Friday, May 29, 2015


     Billed as “a new musical about Hollywood’s tough guy in tap shoes,” Cagney, which opened last night at the York Theatre Company, is another refreshing show from a company that specializes in producing uplifting new musicals.

     Broadway veteran Robert Creighton is the powerhouse of talent behind the show, making its New York premiere through June 21. A triple threat — actor, singer and dancer — he also wrote the music and lyrics for several of the songs.  Christopher McGovern wrote the rest. 

     Short and stocky, Creighton would not normally be thought of as a leading man, unless that leading man happens to be the similarly built James Cagney, in which case Creighton seemed almost destine for the role.

     “When I was a student at The American Academy of Dramatic Arts, an acting teacher, Jack Melanos, told me I reminded him of Jimmy Cagney.  Thank you, Jack,” he writes in a program message. “At the time, my only knowledge of Cagney’s film work was having seen ‘Yankee Doodle Dandy’ as a kid. I went and rented several Cagney films and thus began the obsession.”

     Unlike Creighton, I have never seen any of his films and knew nothing about his life.  Thanks to this musical, with its book by playwright Peter Colley and direction by Bill Castellino, I now know a good deal about Cagney’s biography, although his character is portrayed too one-sidedly sweet and wholesome to be the entire story.

   After an opening number about the ups and downs of Hollywood, “Black and White,” the story is framed by Cagney’s appearance in 1978 at the Screen Actors Guild awards to receive one for Lifetime Achievement. He’s talking with Jack Warner (Bruce Sabath), the head of Warner Brothers Studios who gave Cagney his first movie role and wants to take credit for finding “a tough guy to give the Depression-era public what it wanted.”

   But Cagney, who had broken with and rejoined the studio several times, has an answer for his former boss.  “You didn’t create that.  The streets of New York did.”

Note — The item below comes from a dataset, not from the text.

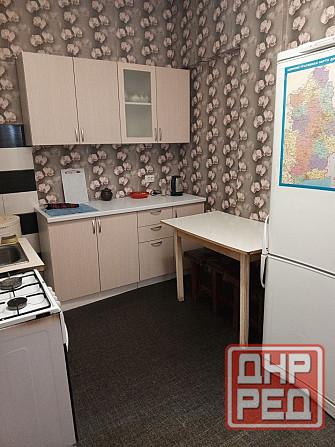 Театр кукол аренда двухкомнатного дома Донецк - изображение 4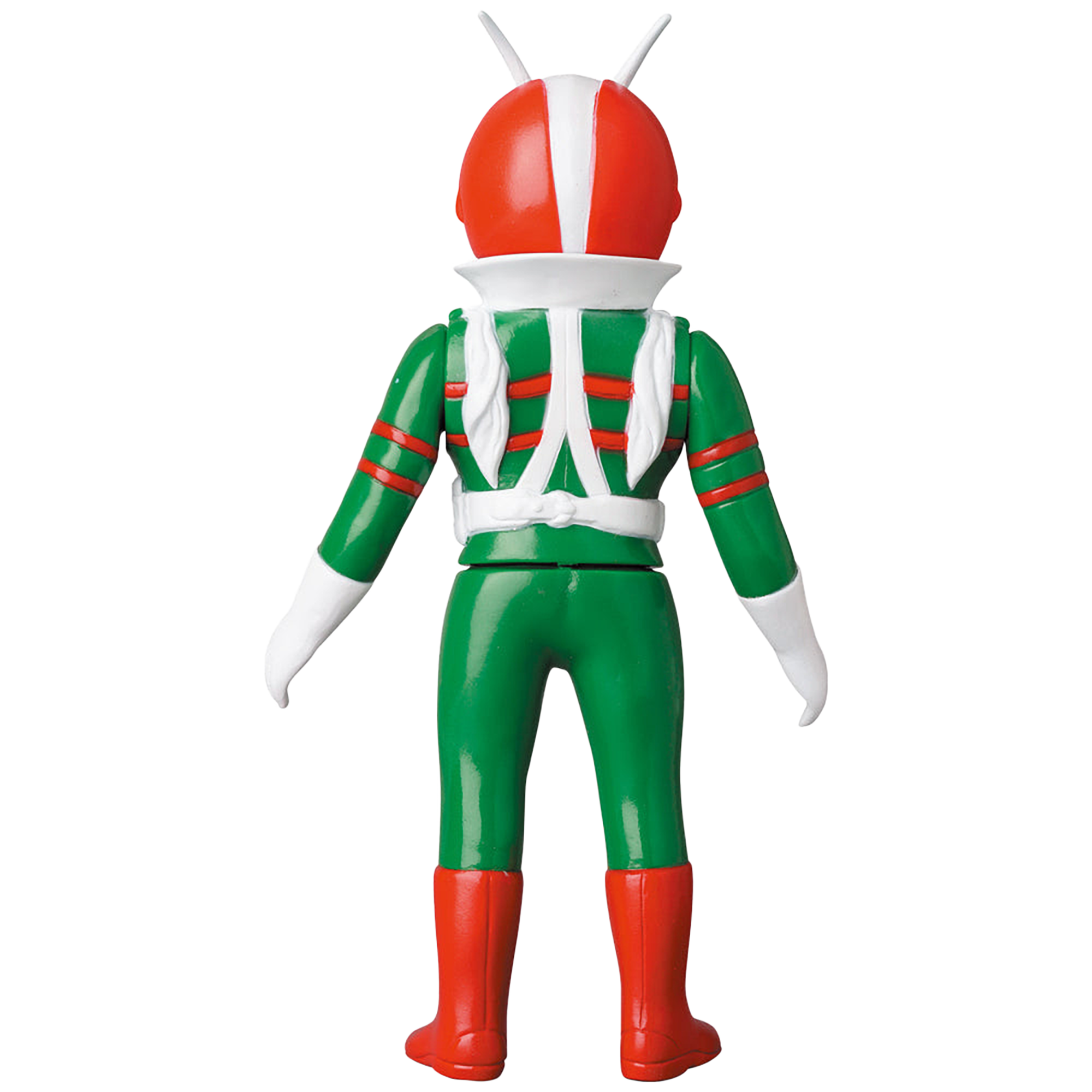 Kamen Rider V3(New color)(Middle size)《Planned to be shipped in late Apr. 2023 / Orders can be placed until January 31st》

    In between that frame we see Cagney, born of Irish ancestry on the Lower East Side, stumble into show business in 1922 after losing his job as a laborer. Checking out the Help Wanteds with his brother, Bill (Josh Walden), he finds one for a dancer at Keith’s Musical Theatre and goes to check it out. Proving to be surprisingly light on his feet, he dances his way into the chorus, where he is dressed as a woman, and also performs standup comedy, thus beginning his life in vaudeville.

     In a nutshell, the stage and Hollywood follow, along with a happy marriage to Willie (Ellen Zolezzi), his first dancing partner at Keith’s.   He is called before a House of Representatives committee to answer charges that he is a Communist sympathizer because he contributes to labor organizations and sent money for the Scottsboro Boys defense.  This contributes to one of his splits from Warner Brothers, but also after portraying “dumb women-slapping Micks” in 28 movies, he wants to play different roles, so he forms his own production company. 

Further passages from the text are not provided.